II. Accept Uncertainty
Build reliability despite unreliable foundations
As soon as we cross the boundary of the local machine, or of the container, we enter a vast and endless ocean of nondeterminism: the world of distributed systems. It is a scary world in which systems can fail in the most spectacular and intricate ways, where information becomes lost, reordered, and corrupted, and where failure detection is a guessing game. It’s a world of uncertainty.
Most importantly, there is no “now”. The present is relative and subjective, framed by the viewpoint of the observer. The fundamental problem of this world, due to the lack of consistent and reliable shared memory, is the inability to know what is happening on another node now. We must acknowledge that we cannot wait indefinitely for the information we need for a decision. As a consequence, our algorithms will lack information due to faulty hardware, unreliable networks, or the plain physical problem of communication latency. Data is out of date by the time it’s acknowledged and we are forced to deal with a fragmented and unevenly outdated state of things.
Even though there are well established distributed algorithms to tame this uncertainty and produce a strongly consistent view of the world, those algorithms tend to exhibit poor performance and scalability characteristics and imply unavailability during network partitions. As a result, for distributed systems, we have had to give up most of them as a necessary tradeoff to achieve responsiveness, moving us to agree to a significantly lesser degree of consistency, such as causal, eventual, and others, and accept the higher level of uncertainty that comes with them.
This has a lot of implications: we can’t always trust time as measured by clocks and timestamps, or order (causality might not even exist). Accepting this uncertainty, we have to use strategies to cope with it. For example: rely on logical clocks (such as vector clocks ); when appropriate use eventual consistency (e.g. certain NoSQL databases and CRDTs ); and make sure our communication protocols are associative (batch-insensitive), commutative (order-insensitive), and idempotent (duplication-insensitive).
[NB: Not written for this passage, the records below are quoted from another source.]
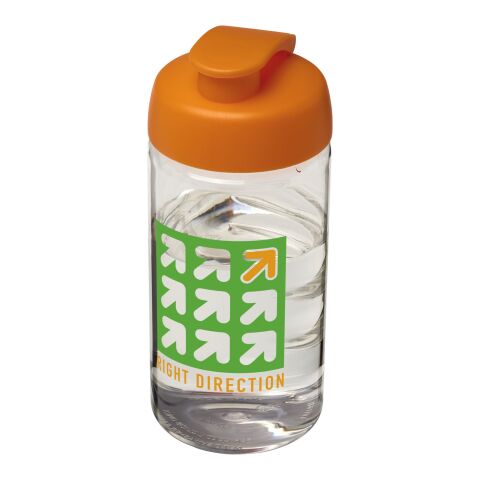 H2O Bop® 500 ml sportflaska med uppfällbart lock vit-orange | Inget reklamtryck | Inte tillgängligt | Inte tillgängligt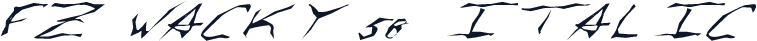 FZ WACKY 58 ITALIC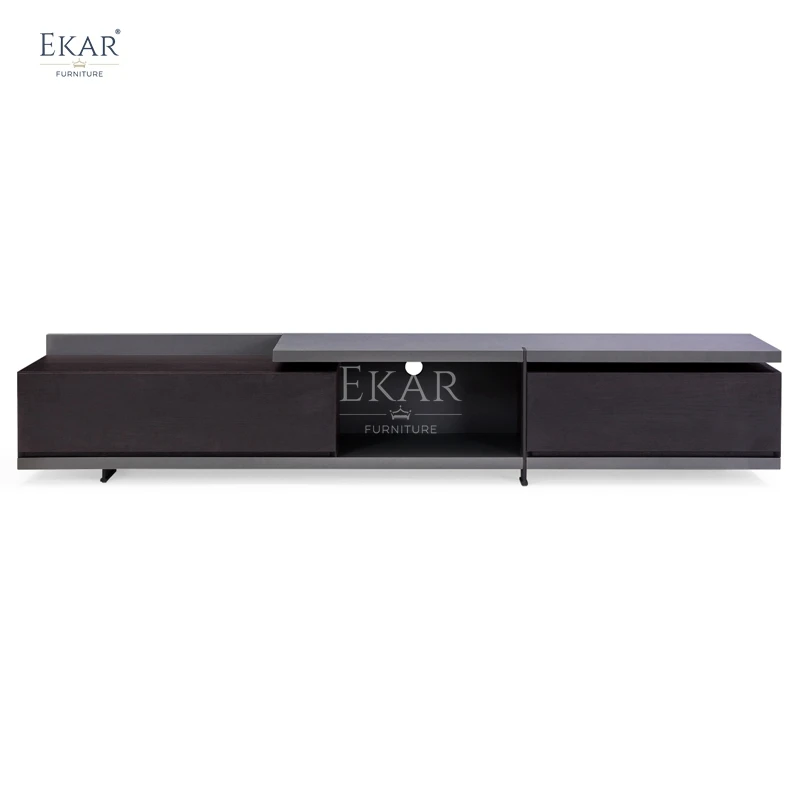 Aura Floating TV Stand Minimalist Media Console with Hidden Storage, Solid Wood & Metal Frame for Modern Living Rooms
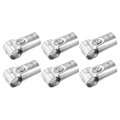 6 Sets End Rail Clamps 1 8 Inch Pipe Fitting Chain Link Fence Clamp Fit For 1 1 28mm Od With Screw And Nuts Silver Total Size 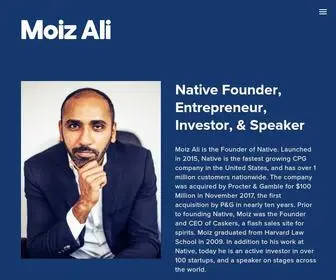 Moizali.com(Moiz Ali) Screenshot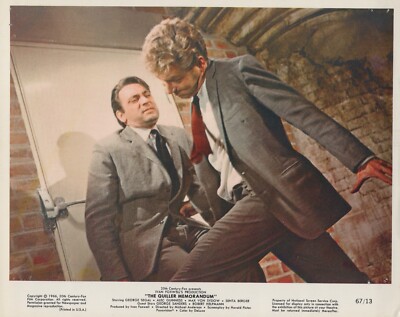 Max von Sydow in The Quiller Memorandum (1966)   Vintage Hollywood Photo K 586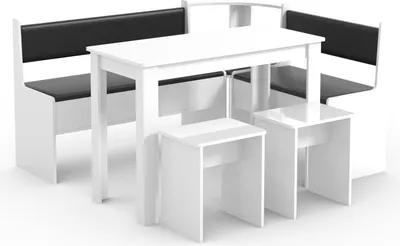 Produktbild von VCM Eckbankgruppe Sitzgruppe Esszimmergruppe Bank Tisch Hocker Esal Maxi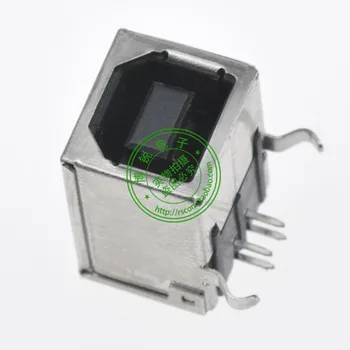 

High quality Taiwanese Han Quan USB B port printer interface 90 degree bend foot USB connector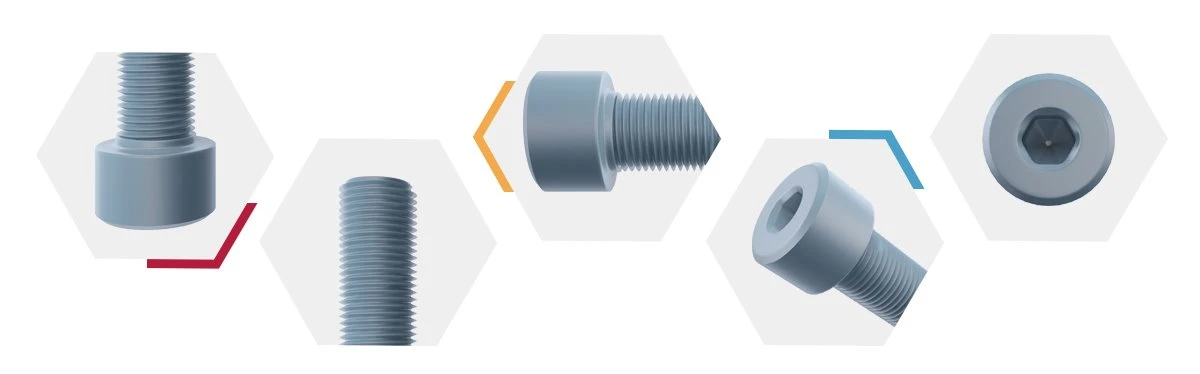 Black Allen Key Bolts-detail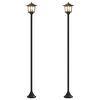 vidaXL &Sigma;&epsilon;&tau; &Sigma;&tau;ύ&lambda;&omega;&nu; &Lambda;&alpha;&mu;&pi;&tau;ή&rho;&alpha; with LED Bulb 2 &tau;&mu;&chi;. &Mu;&alpha;ύ&rho;&omicron; 16 x 16 x 156 &epsilon;&kappa;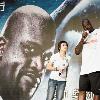 How is Shaquille O Neal   shown earlier this month during a promotional tour in Beijing  China   training to be a Cav  By challenging other stars in sports in a TV series that will debut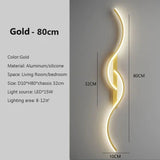 LED Wall Lamp 60/80/100CM Smart Remote Control Adjustable Color Temperature Brightness Bedroom Bedside Living Room Wall Sconces Aimak Store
The key is to manage uncertainty directly in the application architecture. To design resilient autonomous components that publish their protocols to the world—protocols that clearly define what they can promise, what commands and events will be accepted, and, as a result of that, what behavior will trigger and how the data model should be used. The timeliness and assessed accuracy of underlying information should be visible to other components where appropriate so that they — or the end-user — can judge the reliability of the current system state.